実際、この日大学に行く前に、住宅研究集会で、建築家たちの間では少数派の、居住権や居住福祉を研究している人からは、「あの映画は、建築を学んでいるだけでは理解しにくいだろう。耐震性が不足している建物というだけで、まず(なぜ引っ越さないのか?)と思うだろう。住まいに対する愛着や引越しの難しさは、社会経験やある程度年をとった人でないと、実感をもって理解しにくい。建築よりも社会学や公共政策、福祉を学ぶ学生の方がまだ理解できるのでは?」と言われました。

・・・そんな風に言われると、(上映後のディスカッションは、果たしてかみあうのか?!)と一瞬不安にもなりましたが、事前に本間さんから自主勉強会について聞いていましたので、(多分大丈夫)と思って向かいました。
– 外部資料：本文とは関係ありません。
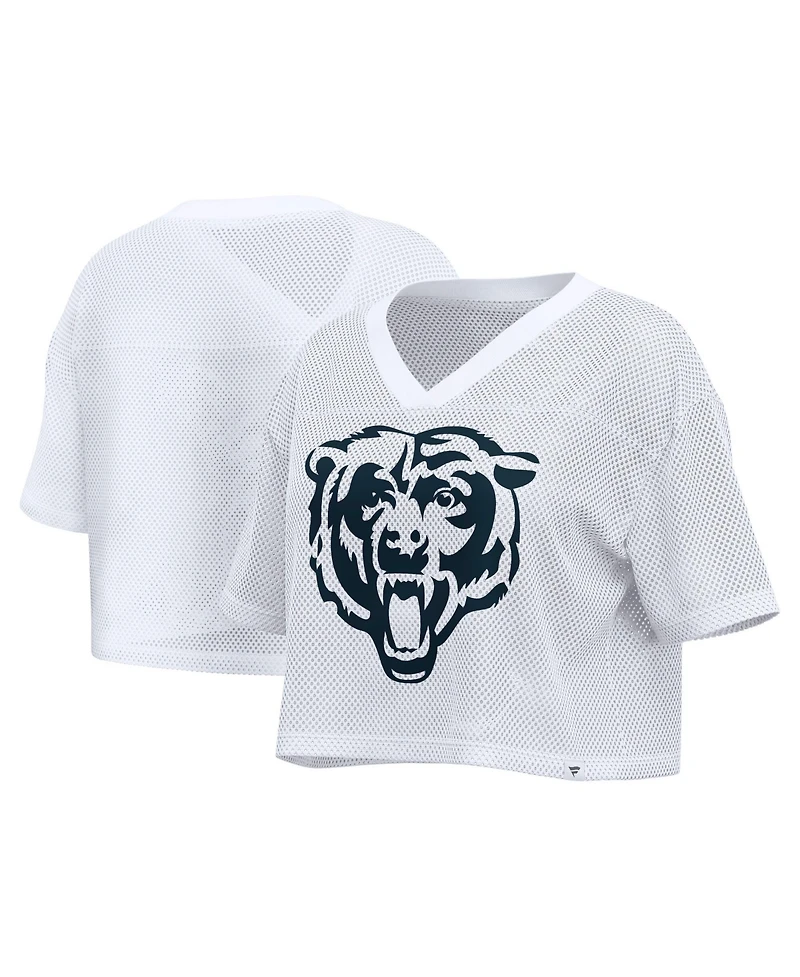 Fanatics Women's Chicago Bears Oversized Mesh Jersey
本間さんたちが活動する自主勉強会は、「家の根本義ゼミナール」というユニークな名前。その活動内容について、以前メールに書かれていた説明を引用すると・・・ 

「家の根本義ゼミナール」は、「家とは何か」という根源的な問題を、建築計画学だけでなく、社会学・歴史学・文学・民俗学・人類学など横断的な領域から検証していくブレインストーミングゼミです。

社会学者の上野千鶴子さんが「家は家族を容れるハコである」と主張したことに対して、「果たして家とは本当に単なるハコなのか」という問題意識を出発点に活動している今年3年目の自主ゼミです。

とのこと。なので、きっと建築の技術的な関心だけではなく、もっと総合的・複合的に建物や住まいを考える人たちでは?と思いました。

1時ごろに待ち合わせをして、教室へ。簡単に挨拶をしてから、早速映画の上映が始まりました。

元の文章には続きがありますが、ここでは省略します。